### Instructions to follow
Write out, word for word, the part of the listing below that opens with the line containing "Select the minimum" and closes with the line containing "How to install", keeping both of those lines and adding no others.

### Dataset content
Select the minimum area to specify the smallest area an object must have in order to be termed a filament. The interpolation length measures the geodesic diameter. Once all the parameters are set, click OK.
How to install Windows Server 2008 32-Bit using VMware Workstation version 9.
==
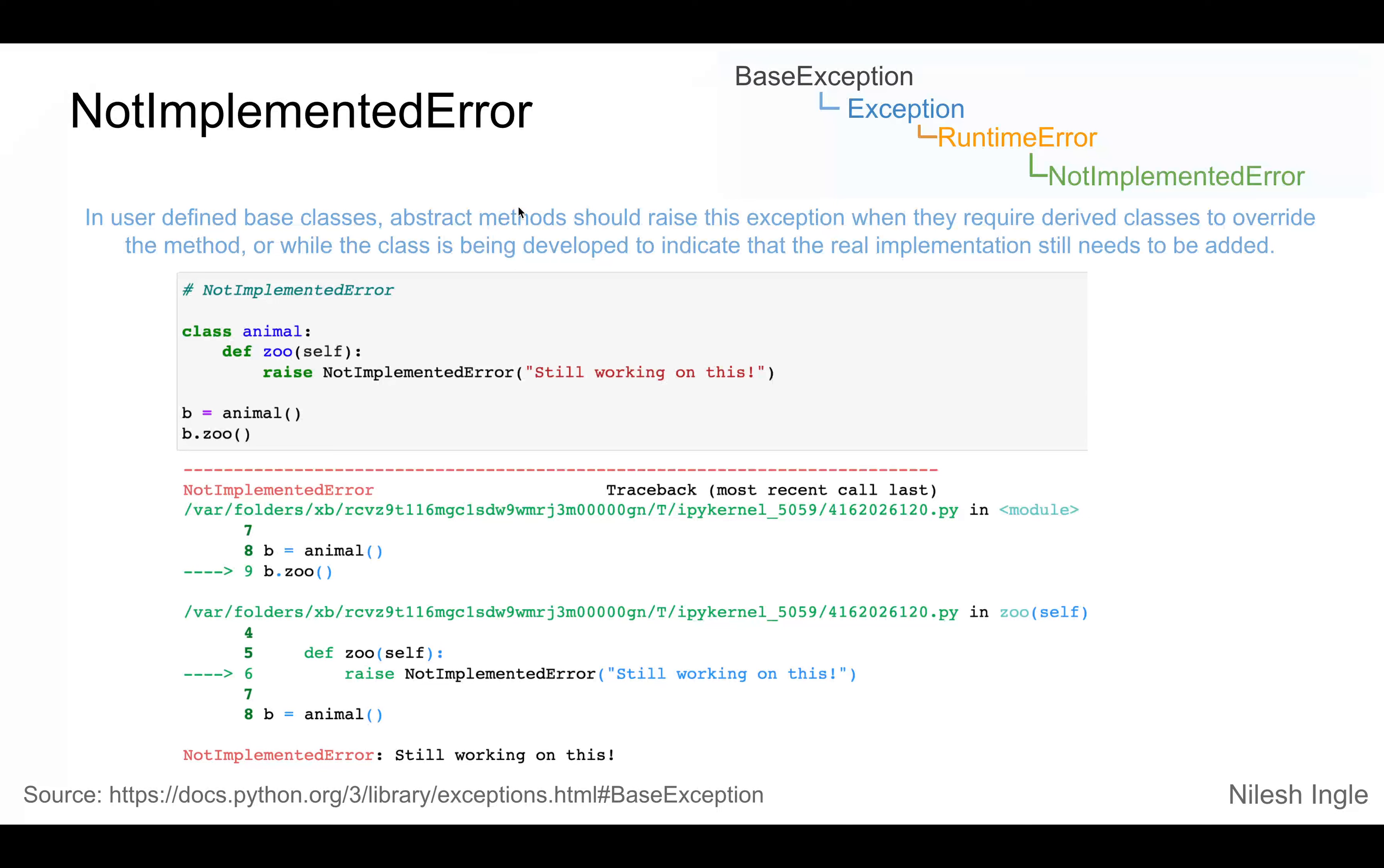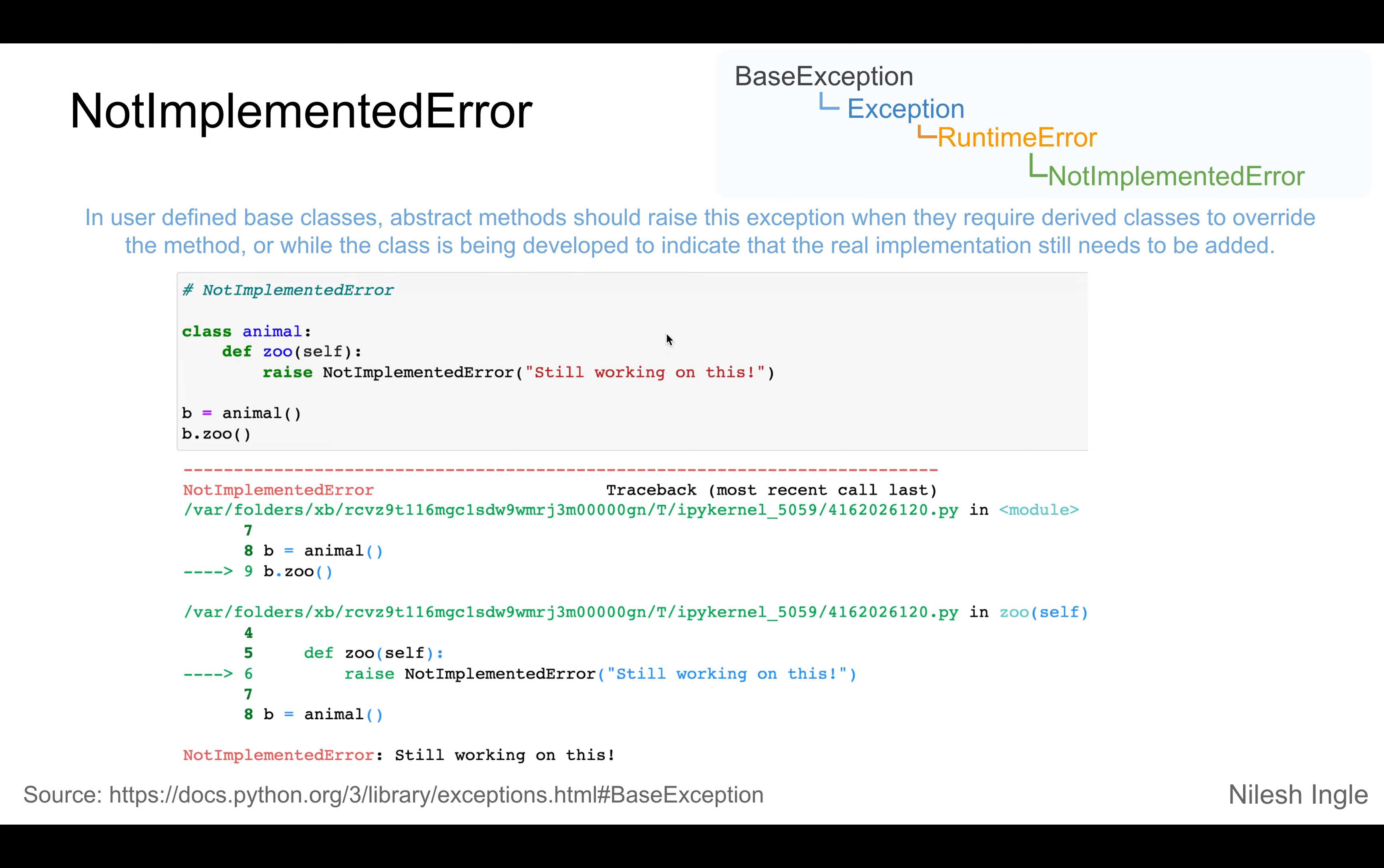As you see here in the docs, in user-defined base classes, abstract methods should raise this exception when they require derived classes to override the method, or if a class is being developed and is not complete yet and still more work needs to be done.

### Output for this exercise
Select the minimum area to specify the smallest area an object must have in order to be termed a filament. The interpolation length measures the geodesic diameter. Once all the parameters are set, click OK.
How to install Windows Server 2008 32-Bit using VMware Workstation version 9.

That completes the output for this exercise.